> PROBLEM REQUIREMENTS
Print this span of the material below exactly: the line with "Lâmina Tnmg16 ma", the line with "Spin Master Pixobitz", and every line between them, but nothing else.

------------------------------------------------------------------------

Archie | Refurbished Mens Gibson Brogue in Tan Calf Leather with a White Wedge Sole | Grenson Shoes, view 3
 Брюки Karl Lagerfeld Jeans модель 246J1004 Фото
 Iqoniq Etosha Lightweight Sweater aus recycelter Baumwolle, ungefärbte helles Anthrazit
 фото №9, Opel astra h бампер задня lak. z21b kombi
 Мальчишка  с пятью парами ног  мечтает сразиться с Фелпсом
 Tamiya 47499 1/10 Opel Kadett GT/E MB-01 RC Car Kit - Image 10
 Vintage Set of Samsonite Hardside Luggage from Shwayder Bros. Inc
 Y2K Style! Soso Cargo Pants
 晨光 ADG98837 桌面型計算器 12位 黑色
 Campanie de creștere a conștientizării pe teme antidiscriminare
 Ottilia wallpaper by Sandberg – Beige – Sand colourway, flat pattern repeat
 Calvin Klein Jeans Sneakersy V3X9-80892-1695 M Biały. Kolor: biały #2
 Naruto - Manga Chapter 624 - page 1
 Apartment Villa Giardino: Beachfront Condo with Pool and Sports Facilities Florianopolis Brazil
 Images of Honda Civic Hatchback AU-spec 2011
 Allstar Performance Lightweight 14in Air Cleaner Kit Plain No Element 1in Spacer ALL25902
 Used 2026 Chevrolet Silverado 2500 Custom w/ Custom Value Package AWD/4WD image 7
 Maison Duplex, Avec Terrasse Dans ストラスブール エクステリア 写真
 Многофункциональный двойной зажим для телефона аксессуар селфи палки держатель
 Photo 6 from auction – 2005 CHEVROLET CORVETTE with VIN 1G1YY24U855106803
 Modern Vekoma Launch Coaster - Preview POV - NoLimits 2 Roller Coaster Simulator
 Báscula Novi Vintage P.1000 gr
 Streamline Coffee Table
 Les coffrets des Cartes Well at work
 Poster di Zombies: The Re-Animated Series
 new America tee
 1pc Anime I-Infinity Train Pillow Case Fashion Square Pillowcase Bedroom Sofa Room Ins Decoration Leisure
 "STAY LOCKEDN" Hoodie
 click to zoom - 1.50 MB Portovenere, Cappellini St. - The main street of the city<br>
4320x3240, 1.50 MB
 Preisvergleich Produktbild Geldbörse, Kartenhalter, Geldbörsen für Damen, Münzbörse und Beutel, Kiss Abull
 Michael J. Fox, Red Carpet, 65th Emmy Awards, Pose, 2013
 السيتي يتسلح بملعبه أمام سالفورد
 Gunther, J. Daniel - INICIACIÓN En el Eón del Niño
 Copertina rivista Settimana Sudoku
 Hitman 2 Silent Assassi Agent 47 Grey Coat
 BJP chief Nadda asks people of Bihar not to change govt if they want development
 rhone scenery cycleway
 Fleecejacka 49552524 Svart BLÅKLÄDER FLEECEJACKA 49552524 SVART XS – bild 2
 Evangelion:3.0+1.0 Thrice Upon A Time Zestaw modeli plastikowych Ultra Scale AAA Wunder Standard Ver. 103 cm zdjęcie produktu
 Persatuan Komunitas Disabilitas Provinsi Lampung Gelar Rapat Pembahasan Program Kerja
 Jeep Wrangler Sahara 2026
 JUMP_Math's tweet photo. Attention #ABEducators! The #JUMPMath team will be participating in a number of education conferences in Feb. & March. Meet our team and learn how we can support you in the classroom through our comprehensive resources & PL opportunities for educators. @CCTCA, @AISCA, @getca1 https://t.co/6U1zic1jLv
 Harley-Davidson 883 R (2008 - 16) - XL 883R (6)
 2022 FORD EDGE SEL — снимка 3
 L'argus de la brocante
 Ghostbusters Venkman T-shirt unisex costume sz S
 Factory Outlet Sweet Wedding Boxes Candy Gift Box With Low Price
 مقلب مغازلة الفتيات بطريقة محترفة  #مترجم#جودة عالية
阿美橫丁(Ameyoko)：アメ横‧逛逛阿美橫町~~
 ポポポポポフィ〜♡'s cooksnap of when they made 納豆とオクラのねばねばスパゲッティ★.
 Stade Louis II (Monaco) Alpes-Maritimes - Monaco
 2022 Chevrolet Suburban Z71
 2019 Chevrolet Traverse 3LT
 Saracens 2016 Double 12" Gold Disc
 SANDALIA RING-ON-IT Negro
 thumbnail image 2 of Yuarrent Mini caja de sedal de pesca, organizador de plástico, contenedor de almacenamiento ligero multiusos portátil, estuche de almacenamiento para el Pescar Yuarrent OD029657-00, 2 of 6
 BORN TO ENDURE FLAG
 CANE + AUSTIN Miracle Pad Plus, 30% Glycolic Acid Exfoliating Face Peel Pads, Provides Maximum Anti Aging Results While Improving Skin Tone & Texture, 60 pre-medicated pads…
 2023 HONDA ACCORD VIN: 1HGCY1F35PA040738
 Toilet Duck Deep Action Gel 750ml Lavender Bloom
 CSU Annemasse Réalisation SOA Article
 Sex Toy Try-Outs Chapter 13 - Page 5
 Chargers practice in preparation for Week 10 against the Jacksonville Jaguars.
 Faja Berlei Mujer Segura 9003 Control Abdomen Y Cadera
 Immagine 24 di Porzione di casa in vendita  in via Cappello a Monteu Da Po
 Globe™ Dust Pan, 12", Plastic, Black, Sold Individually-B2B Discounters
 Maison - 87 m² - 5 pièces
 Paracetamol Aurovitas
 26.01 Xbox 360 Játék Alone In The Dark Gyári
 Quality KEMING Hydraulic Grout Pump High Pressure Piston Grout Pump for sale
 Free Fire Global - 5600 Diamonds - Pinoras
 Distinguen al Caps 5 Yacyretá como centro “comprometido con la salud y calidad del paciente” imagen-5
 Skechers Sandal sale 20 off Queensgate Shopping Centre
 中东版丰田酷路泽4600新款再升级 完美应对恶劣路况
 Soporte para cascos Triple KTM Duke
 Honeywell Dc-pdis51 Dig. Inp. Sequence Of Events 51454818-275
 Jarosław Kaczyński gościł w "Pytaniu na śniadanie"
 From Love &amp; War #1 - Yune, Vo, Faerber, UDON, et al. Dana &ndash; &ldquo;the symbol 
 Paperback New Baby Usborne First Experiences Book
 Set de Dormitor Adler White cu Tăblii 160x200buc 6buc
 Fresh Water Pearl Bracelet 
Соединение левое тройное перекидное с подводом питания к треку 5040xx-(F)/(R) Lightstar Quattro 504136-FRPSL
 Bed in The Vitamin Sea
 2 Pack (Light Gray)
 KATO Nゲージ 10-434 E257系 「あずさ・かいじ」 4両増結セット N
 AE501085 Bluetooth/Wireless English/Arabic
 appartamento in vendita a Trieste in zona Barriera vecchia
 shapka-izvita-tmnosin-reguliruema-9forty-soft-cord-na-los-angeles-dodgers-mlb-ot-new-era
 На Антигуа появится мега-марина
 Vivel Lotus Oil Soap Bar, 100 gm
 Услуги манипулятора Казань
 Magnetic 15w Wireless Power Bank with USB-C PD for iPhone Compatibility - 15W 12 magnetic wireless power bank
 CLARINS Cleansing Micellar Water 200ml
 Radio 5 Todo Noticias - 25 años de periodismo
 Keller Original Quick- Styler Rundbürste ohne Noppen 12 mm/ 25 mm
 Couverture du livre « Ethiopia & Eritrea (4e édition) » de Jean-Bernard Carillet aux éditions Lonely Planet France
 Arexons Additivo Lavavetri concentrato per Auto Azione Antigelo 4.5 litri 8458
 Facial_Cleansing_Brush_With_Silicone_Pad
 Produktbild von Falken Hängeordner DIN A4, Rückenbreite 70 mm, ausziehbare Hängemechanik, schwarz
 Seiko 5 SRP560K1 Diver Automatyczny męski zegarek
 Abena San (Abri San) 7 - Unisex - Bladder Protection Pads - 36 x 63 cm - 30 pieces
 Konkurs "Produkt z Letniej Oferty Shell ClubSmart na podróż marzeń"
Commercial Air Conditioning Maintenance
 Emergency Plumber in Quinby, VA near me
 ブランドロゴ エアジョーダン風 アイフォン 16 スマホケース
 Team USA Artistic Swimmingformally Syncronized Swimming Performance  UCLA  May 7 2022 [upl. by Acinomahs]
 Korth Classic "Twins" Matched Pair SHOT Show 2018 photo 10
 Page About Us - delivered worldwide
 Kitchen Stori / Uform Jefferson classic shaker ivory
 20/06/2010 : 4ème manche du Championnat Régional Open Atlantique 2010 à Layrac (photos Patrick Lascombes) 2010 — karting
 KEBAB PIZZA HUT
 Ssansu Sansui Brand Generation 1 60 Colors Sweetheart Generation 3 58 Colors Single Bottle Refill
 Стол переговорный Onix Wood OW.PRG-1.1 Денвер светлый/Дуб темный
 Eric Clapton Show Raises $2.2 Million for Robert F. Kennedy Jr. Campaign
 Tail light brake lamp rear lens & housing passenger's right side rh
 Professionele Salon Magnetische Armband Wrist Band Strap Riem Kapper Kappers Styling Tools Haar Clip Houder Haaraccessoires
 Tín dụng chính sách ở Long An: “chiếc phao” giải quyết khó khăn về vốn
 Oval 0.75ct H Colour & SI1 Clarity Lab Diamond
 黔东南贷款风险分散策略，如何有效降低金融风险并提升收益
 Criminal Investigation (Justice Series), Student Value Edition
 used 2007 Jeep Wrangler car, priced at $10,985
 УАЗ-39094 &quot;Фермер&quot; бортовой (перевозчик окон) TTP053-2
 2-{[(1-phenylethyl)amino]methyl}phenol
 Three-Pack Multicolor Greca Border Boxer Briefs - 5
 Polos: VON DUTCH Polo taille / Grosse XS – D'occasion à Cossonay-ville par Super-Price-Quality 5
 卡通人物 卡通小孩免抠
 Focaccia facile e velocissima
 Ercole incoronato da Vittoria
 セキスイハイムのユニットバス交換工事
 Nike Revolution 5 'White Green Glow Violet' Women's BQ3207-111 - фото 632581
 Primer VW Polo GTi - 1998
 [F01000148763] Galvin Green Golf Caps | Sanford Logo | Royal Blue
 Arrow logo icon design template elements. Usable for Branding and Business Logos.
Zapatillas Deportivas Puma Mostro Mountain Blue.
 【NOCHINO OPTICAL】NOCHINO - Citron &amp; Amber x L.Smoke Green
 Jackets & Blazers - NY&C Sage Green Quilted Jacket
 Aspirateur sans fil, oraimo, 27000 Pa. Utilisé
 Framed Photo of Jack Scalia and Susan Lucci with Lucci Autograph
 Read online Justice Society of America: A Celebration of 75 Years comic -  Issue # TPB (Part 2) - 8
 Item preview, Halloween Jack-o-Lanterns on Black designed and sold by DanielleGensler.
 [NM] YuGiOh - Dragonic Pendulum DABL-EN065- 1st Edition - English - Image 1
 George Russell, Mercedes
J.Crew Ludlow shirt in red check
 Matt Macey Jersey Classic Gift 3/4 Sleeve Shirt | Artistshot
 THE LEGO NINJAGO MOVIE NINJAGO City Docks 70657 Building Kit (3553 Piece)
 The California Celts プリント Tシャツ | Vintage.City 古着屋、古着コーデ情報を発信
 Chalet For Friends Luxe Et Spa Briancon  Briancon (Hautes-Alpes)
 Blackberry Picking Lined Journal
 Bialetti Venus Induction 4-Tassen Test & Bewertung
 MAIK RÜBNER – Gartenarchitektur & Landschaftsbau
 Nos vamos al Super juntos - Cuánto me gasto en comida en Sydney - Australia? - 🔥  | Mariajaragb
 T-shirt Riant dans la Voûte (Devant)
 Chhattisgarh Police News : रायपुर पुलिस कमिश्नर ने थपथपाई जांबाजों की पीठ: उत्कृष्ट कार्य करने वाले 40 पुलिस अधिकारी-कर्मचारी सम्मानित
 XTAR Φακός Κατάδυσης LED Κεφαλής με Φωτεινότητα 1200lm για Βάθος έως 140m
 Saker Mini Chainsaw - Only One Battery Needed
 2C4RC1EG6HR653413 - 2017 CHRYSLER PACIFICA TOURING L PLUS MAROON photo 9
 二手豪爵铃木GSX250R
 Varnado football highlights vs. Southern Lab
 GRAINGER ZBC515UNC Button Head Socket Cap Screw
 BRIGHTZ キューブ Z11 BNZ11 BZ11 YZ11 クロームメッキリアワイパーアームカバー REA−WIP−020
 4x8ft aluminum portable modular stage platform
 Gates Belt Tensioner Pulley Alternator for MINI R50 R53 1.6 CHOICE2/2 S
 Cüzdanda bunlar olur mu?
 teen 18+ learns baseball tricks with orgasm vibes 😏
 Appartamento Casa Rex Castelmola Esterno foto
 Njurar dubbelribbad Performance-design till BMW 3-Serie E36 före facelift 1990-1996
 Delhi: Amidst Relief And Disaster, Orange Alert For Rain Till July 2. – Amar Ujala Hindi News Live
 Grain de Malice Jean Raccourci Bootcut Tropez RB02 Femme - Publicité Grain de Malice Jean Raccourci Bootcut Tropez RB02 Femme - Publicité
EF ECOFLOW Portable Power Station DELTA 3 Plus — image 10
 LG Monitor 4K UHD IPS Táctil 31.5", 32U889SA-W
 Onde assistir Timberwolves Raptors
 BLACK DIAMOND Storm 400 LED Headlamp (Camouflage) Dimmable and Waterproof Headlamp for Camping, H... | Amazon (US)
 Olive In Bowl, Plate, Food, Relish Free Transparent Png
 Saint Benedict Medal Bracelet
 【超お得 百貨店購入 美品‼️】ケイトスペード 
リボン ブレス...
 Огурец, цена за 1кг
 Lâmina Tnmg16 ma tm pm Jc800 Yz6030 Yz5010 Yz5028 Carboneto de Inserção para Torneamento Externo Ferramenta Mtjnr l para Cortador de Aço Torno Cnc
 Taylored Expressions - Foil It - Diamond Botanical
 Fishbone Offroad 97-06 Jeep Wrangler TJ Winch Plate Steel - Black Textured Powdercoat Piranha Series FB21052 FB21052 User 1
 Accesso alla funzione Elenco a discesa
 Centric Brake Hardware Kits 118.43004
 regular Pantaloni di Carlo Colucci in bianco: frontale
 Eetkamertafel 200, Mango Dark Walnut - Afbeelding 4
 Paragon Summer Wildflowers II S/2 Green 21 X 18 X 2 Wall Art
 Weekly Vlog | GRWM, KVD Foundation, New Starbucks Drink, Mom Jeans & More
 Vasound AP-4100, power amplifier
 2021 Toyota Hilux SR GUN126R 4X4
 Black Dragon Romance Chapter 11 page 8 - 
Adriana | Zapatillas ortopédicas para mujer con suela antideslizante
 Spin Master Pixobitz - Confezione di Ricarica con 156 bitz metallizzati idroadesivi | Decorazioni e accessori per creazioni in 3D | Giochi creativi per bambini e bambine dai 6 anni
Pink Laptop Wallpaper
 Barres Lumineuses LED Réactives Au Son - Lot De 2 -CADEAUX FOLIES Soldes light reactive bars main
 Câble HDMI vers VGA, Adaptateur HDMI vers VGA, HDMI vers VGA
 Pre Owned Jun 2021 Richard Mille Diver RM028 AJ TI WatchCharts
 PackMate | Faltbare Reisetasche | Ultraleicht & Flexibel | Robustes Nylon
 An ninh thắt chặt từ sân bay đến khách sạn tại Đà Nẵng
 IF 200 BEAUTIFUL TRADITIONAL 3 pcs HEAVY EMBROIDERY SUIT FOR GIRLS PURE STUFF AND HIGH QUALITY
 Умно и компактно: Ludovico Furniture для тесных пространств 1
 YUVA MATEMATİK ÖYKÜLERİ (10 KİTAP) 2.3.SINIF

------------------------------------------------------------------------

> TASK OUTPUT
 Lâmina Tnmg16 ma tm pm Jc800 Yz6030 Yz5010 Yz5028 Carboneto de Inserção para Torneamento Externo Ferramenta Mtjnr l para Cortador de Aço Torno Cnc
 Taylored Expressions - Foil It - Diamond Botanical
 Fishbone Offroad 97-06 Jeep Wrangler TJ Winch Plate Steel - Black Textured Powdercoat Piranha Series FB21052 FB21052 User 1
 Accesso alla funzione Elenco a discesa
 Centric Brake Hardware Kits 118.43004
 regular Pantaloni di Carlo Colucci in bianco: frontale
 Eetkamertafel 200, Mango Dark Walnut - Afbeelding 4
 Paragon Summer Wildflowers II S/2 Green 21 X 18 X 2 Wall Art
 Weekly Vlog | GRWM, KVD Foundation, New Starbucks Drink, Mom Jeans & More
 Vasound AP-4100, power amplifier
 2021 Toyota Hilux SR GUN126R 4X4
 Black Dragon Romance Chapter 11 page 8 - 
Adriana | Zapatillas ortopédicas para mujer con suela antideslizante
 Spin Master Pixobitz - Confezione di Ricarica con 156 bitz metallizzati idroadesivi | Decorazioni e accessori per creazioni in 3D | Giochi creativi per bambini e bambine dai 6 anni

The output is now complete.